** TASK OBJECTIVE **
Repeat each entry exactly and drop the pictures.

─── ENTRIES SHOWN ───

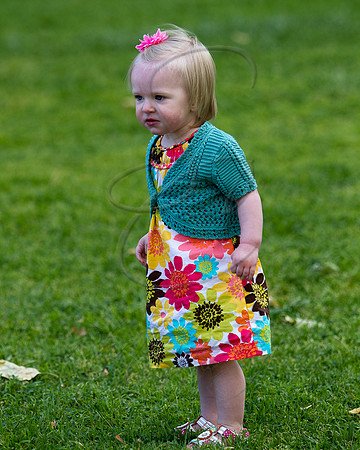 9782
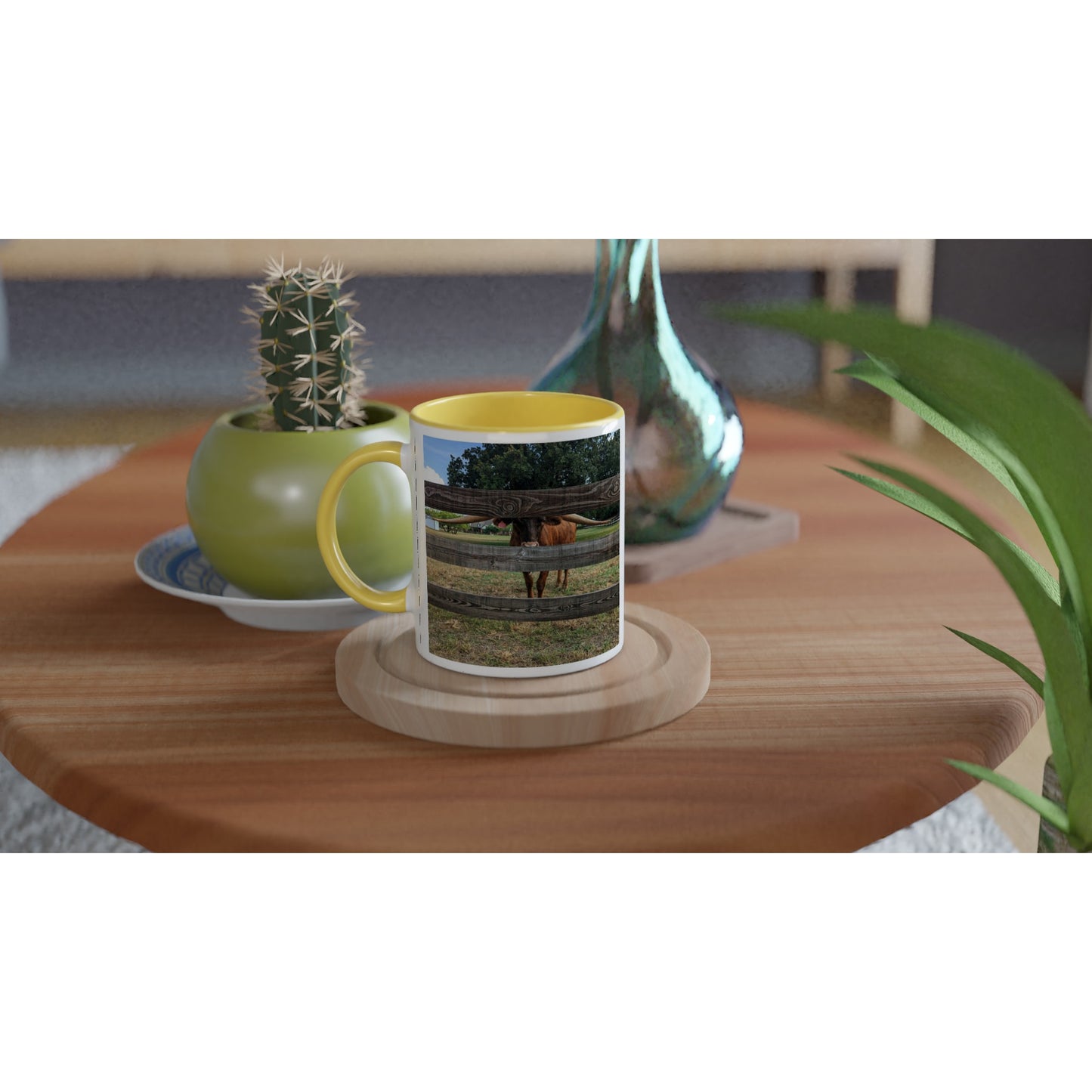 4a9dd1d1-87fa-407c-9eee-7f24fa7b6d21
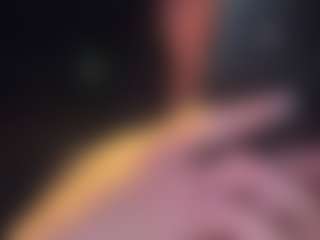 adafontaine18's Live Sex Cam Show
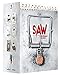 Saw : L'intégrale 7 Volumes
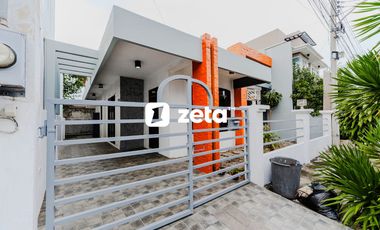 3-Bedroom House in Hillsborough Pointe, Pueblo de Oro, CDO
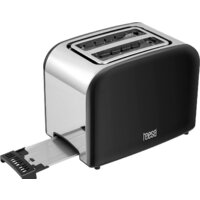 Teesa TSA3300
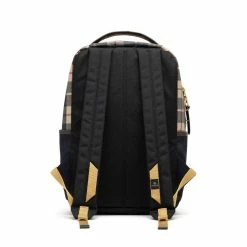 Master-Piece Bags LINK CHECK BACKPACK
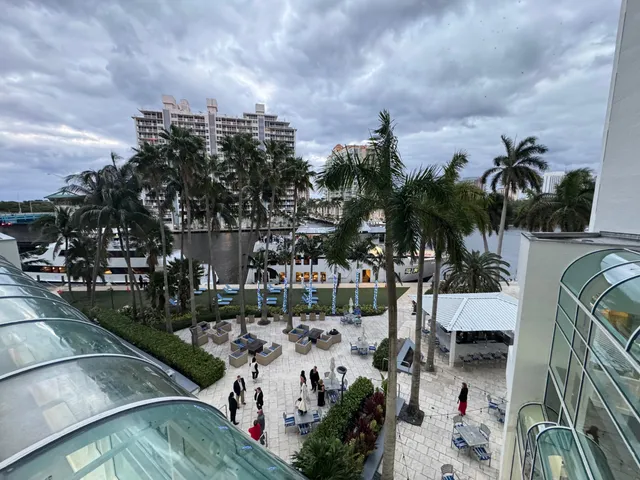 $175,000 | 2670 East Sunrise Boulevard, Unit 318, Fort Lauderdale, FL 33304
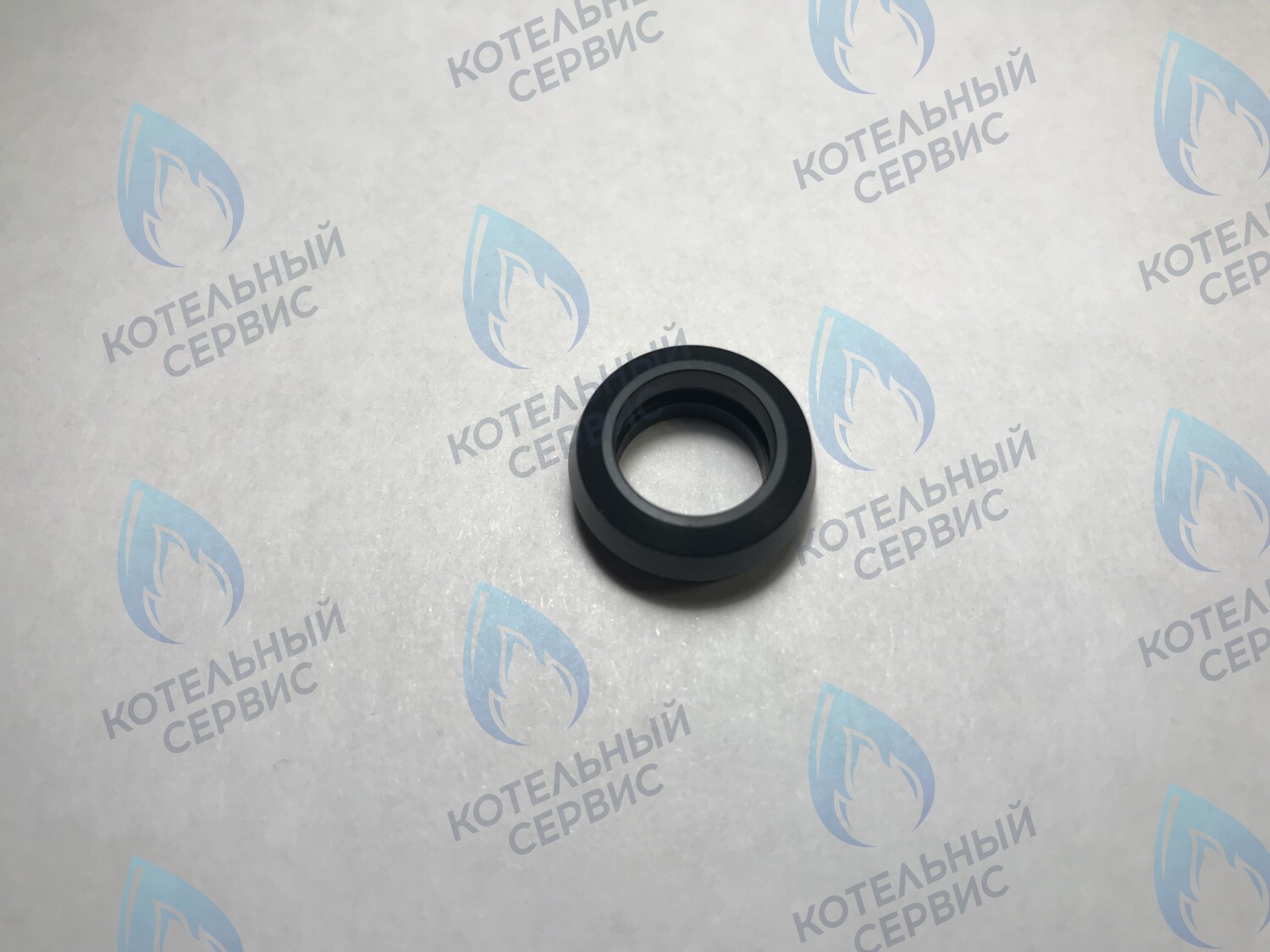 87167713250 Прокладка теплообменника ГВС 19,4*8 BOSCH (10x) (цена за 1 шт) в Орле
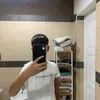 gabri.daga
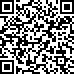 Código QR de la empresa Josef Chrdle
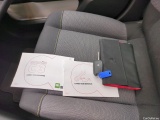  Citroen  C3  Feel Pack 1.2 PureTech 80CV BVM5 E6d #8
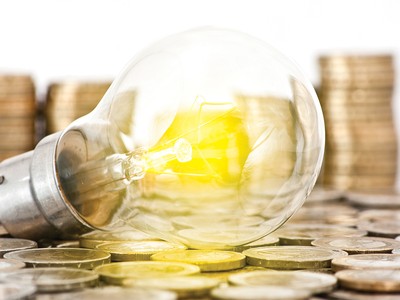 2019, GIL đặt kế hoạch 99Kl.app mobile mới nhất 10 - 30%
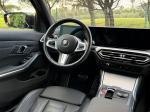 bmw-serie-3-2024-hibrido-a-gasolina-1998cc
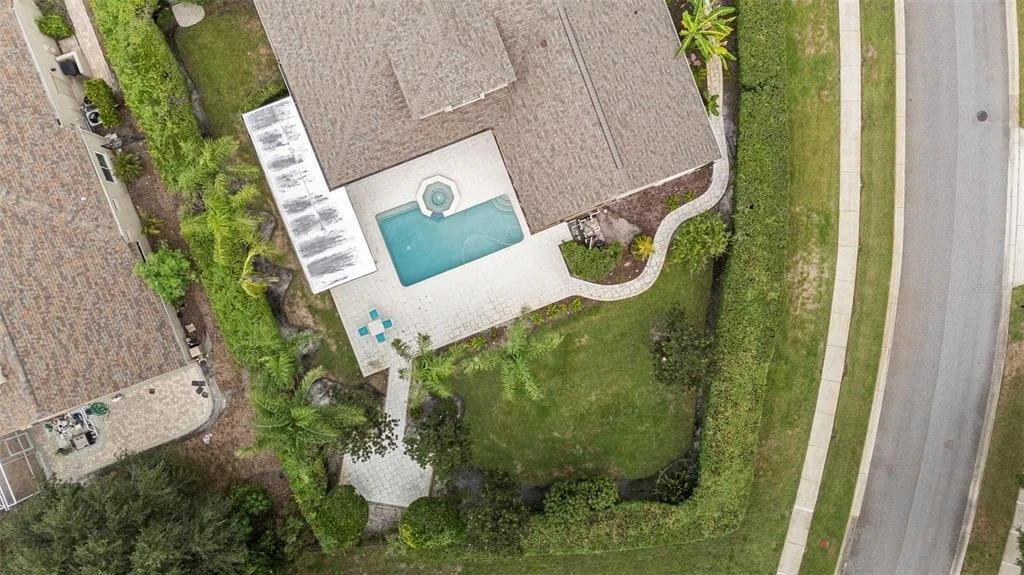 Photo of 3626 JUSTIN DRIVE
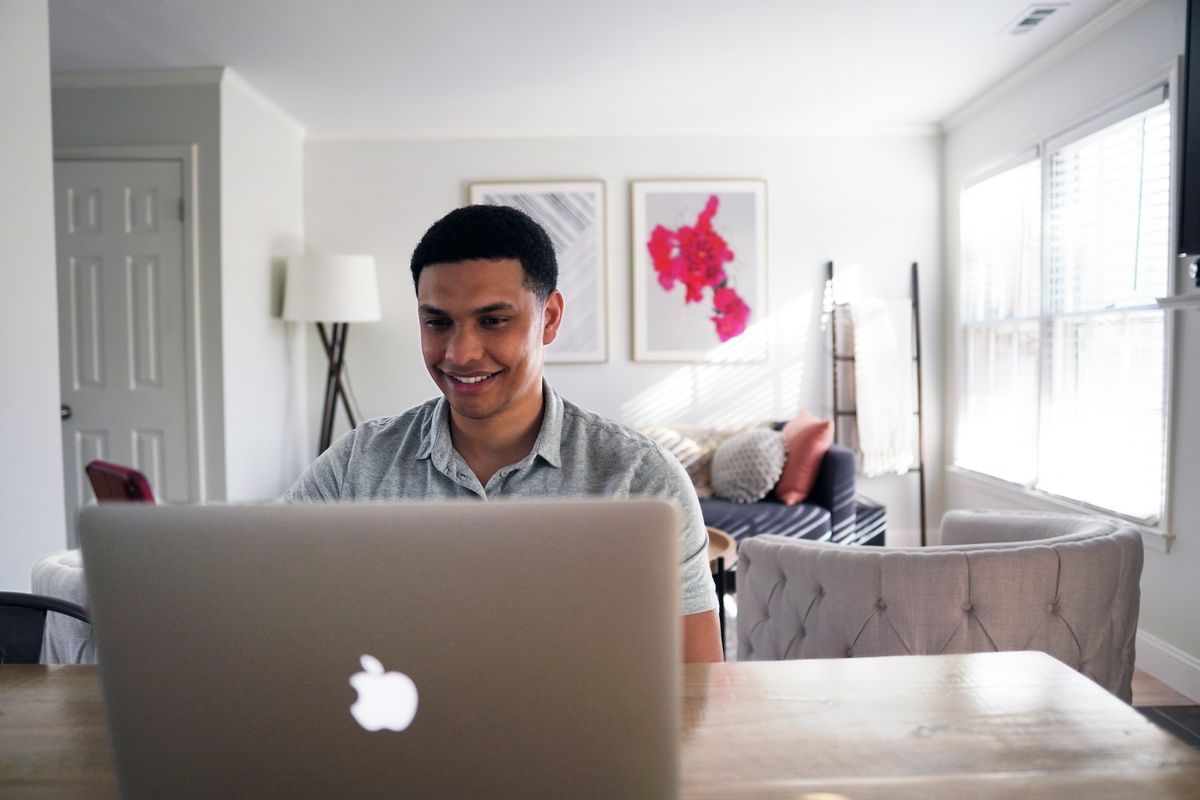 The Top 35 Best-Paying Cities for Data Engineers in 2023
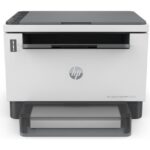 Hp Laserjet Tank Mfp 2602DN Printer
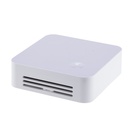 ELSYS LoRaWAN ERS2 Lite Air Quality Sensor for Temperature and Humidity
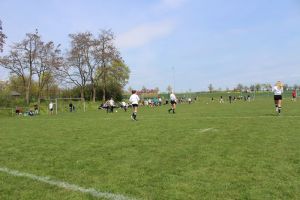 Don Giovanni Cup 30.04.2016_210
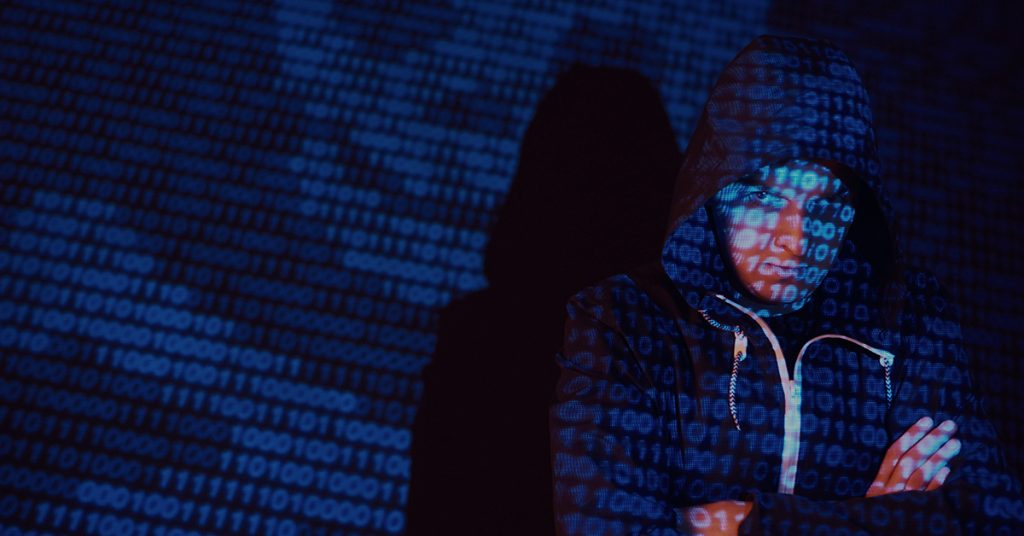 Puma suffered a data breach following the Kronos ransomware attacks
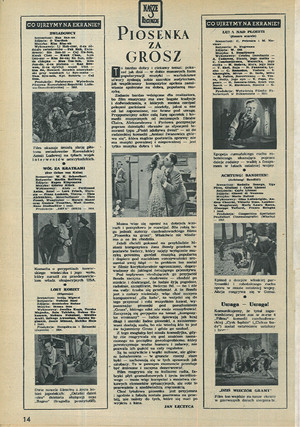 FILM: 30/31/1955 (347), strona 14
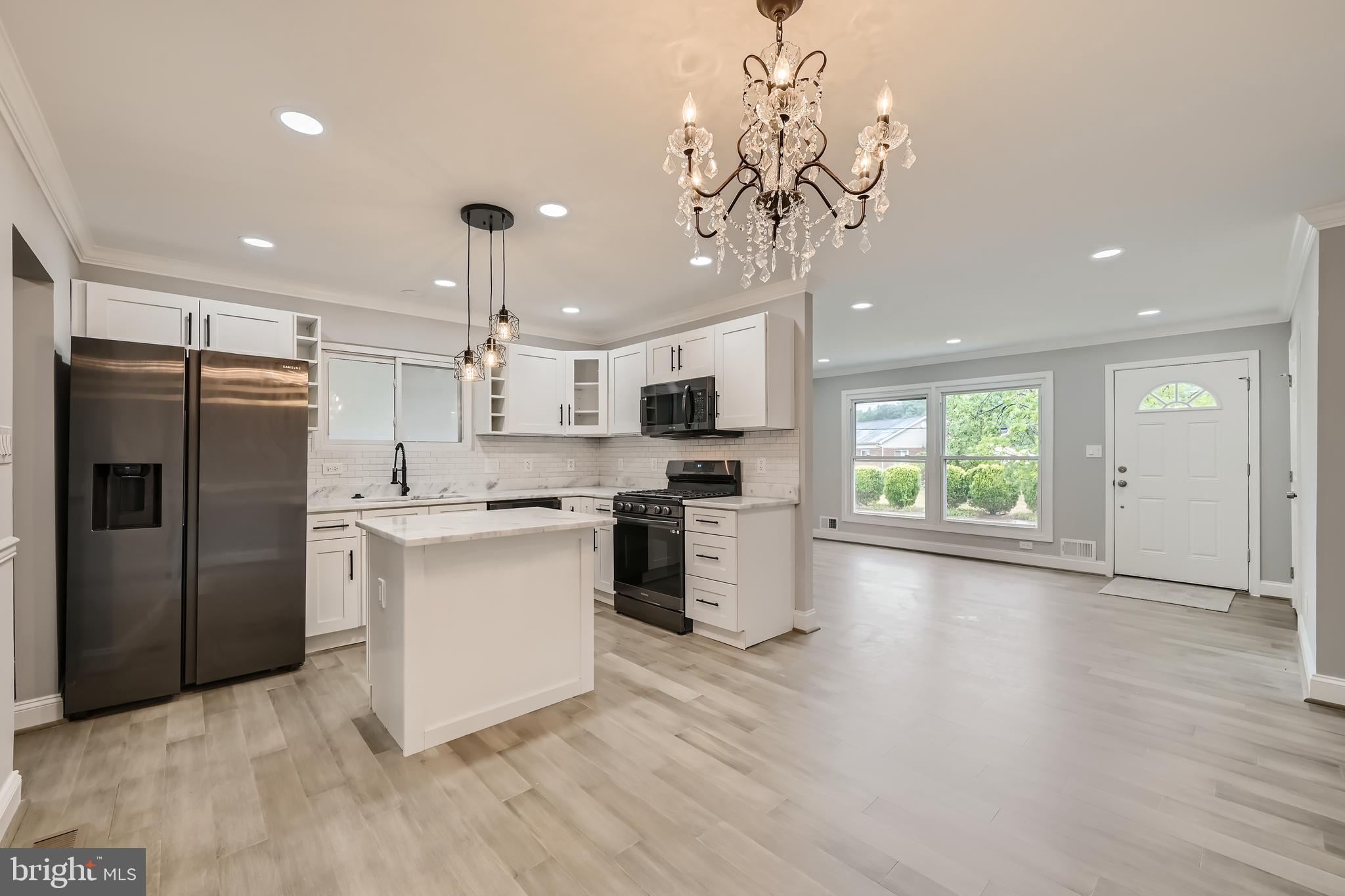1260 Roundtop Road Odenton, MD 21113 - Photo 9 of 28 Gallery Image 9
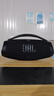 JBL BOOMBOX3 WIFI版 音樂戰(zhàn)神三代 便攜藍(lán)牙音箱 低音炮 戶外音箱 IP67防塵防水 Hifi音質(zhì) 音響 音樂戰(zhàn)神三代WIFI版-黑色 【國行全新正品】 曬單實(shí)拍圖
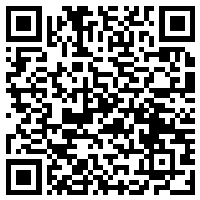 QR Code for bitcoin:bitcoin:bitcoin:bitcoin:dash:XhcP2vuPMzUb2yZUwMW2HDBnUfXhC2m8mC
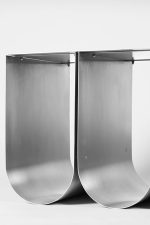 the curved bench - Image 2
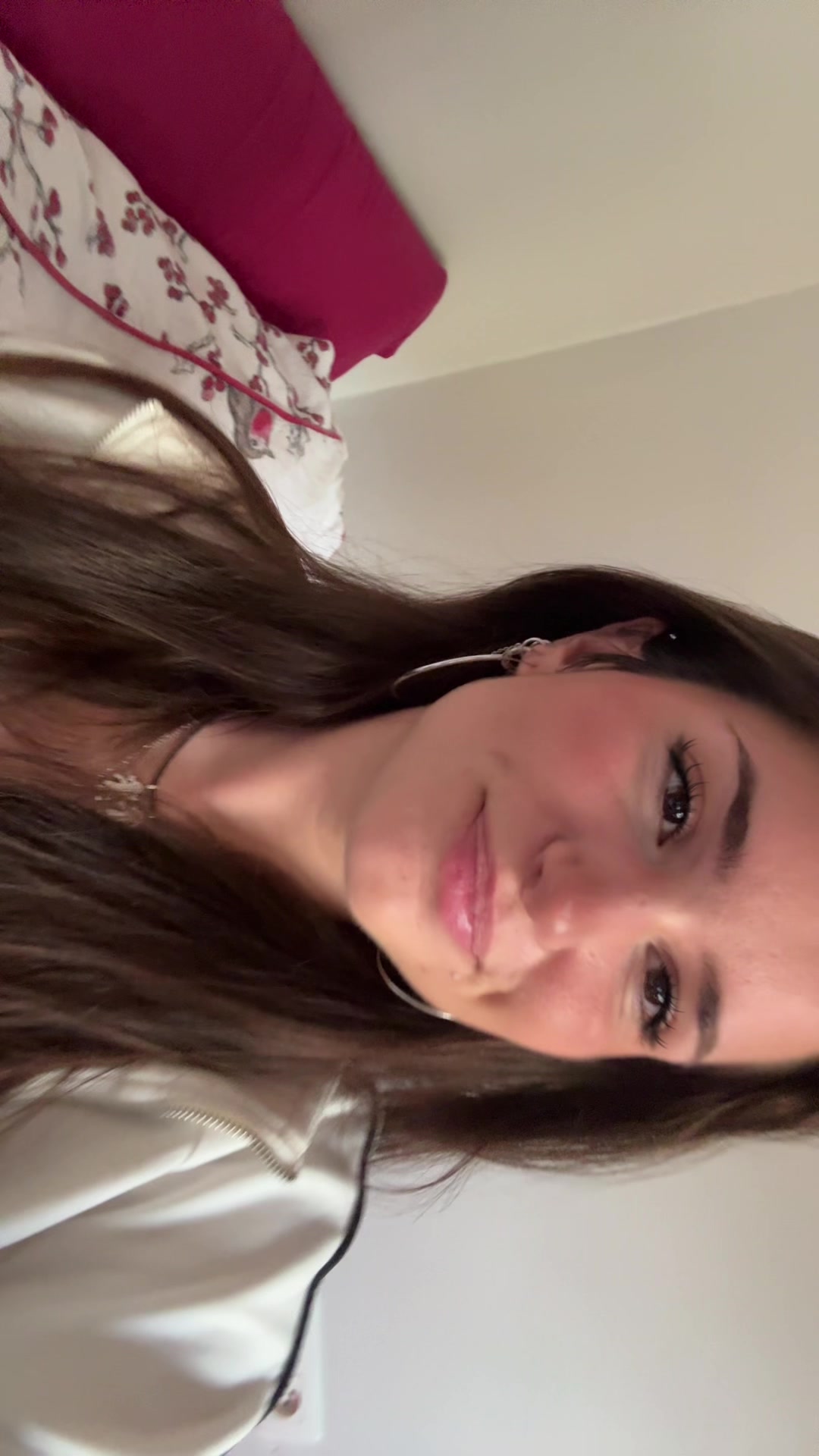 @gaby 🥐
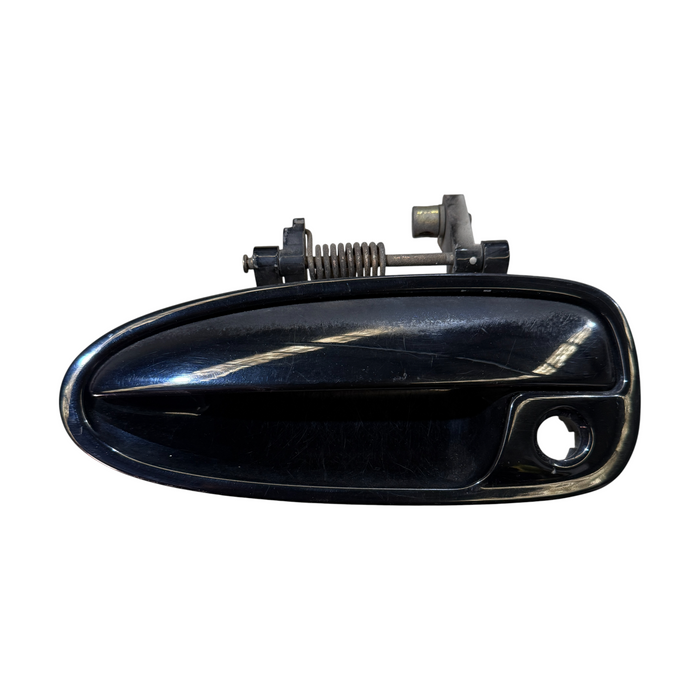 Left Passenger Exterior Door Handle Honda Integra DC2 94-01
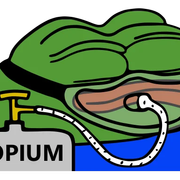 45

───

** SOLUTION **
 9782
 4a9dd1d1-87fa-407c-9eee-7f24fa7b6d21
 adafontaine18's Live Sex Cam Show
 Saw : L'intégrale 7 Volumes
 3-Bedroom House in Hillsborough Pointe, Pueblo de Oro, CDO
 Teesa TSA3300
 Master-Piece Bags LINK CHECK BACKPACK
 $175,000 | 2670 East Sunrise Boulevard, Unit 318, Fort Lauderdale, FL 33304
 87167713250 Прокладка теплообменника ГВС 19,4*8 BOSCH (10x) (цена за 1 шт) в Орле
 gabri.daga
 Código QR de la empresa Josef Chrdle
  Citroen  C3  Feel Pack 1.2 PureTech 80CV BVM5 E6d #8
 2019, GIL đặt kế hoạch 99Kl.app mobile mới nhất 10 - 30%
 bmw-serie-3-2024-hibrido-a-gasolina-1998cc
 Photo of 3626 JUSTIN DRIVE
 The Top 35 Best-Paying Cities for Data Engineers in 2023
 Hp Laserjet Tank Mfp 2602DN Printer
 ELSYS LoRaWAN ERS2 Lite Air Quality Sensor for Temperature and Humidity
 Don Giovanni Cup 30.04.2016_210
 Puma suffered a data breach following the Kronos ransomware attacks
 FILM: 30/31/1955 (347), strona 14
1260 Roundtop Road Odenton, MD 21113 - Photo 9 of 28 Gallery Image 9
 JBL BOOMBOX3 WIFI版 音樂戰(zhàn)神三代 便攜藍(lán)牙音箱 低音炮 戶外音箱 IP67防塵防水 Hifi音質(zhì) 音響 音樂戰(zhàn)神三代WIFI版-黑色 【國行全新正品】 曬單實(shí)拍圖
 QR Code for bitcoin:bitcoin:bitcoin:bitcoin:dash:XhcP2vuPMzUb2yZUwMW2HDBnUfXhC2m8mC
 the curved bench - Image 2
 @gaby 🥐
 Left Passenger Exterior Door Handle Honda Integra DC2 94-01
 45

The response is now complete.